Advocates who spoke at a press conference Monday in Washington, D.C.
angrily pointed to statistics that showed a significant acceleration in
immigration enforcement over President Bush’s last year, with over
387,000 immigrants deported since Obama’s inauguration.
As a result, livelihoods were lost, local economies affected, and families split apart, the advocates said.
“These are the same enforcement practices that we marched against
during the Bush administration,” said Angelica Salas, director of the
Coalition for Humane Immigrant Rights of Los Angeles.
On any given day, Salas added, over 32,000 immigrants are under
detention in jails and prisons around the country awaiting deportation.
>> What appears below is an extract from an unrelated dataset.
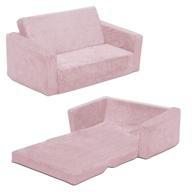 🛋️ delta children serta perfect sleeper extra wide convertible sofa to lounger: the ultimate 2-in-1 comfort zone for kids in pink logo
The advocates said they felt betrayed by an Obama administration that
promised to take their concerns into account and then became more
aggressive than its predecessor in cracking down on immigrants.
Brent Wilkes, executive national director of the League of United Latin
American Citizens, or LULAC, a Latino civil rights group, recalled
candidate Barack Obama’s promise at a LULAC event to reform the
country’s immigration laws in his first year in office.
Wilkes said many LULAC members believed this promise, which hasn’t yet been fulfilled.
“But one thing they never believed in their wildest dreams is that
President Obama would have a record like this, where he surpassed the
Bush administration in deportations,” Wilkes said. “It is
unconscionable to have over 387,000 deported in the first year of an
Obama presidency, and our community is angry.”
A video of the event at the National Press Club in Washington, D.C. is available for streaming at C-Span 2 . The advocates called on President Obama and Congress to halt deportations until the system gets an overhaul.
The press conference came on the same day President Obama was scheduled
to meet with Sen. Charles Schumer (D-NY) and Sen. Lindsey Graham (R-SC)
in an effort to nudge immigration legislation forward.
One of the presenters today was a schoolgirl named Beatriz whose family
was targeted by an Immigration and Customs Enforcement inquiry. She
tearfully described how federal agents trailed her in order to
investigate her parents.
Wilkes said roughly 5.5 million U.S. citizen children nationwide have
at least one parent who is an unauthorized immigrant and that
deportations inevitably lead to broken households.
“This administration seems proud to out-enforce the Bush
administration,” added Pramila Jayapal, executive director of the
Seattle-based OneAmerica group.
The advocates also contended that the immigration audits or “paper
raids” that have replaced workplace raids under Obama are just as
damaging to immigrant communities and the businesses that depend on
them.
The advocates, part of the Fair Immigration Reform Movement coalition,
plan to join other advocacy coalitions as well as labor and faith
groups in a pro-immigration march on Washington, D.C. March 21.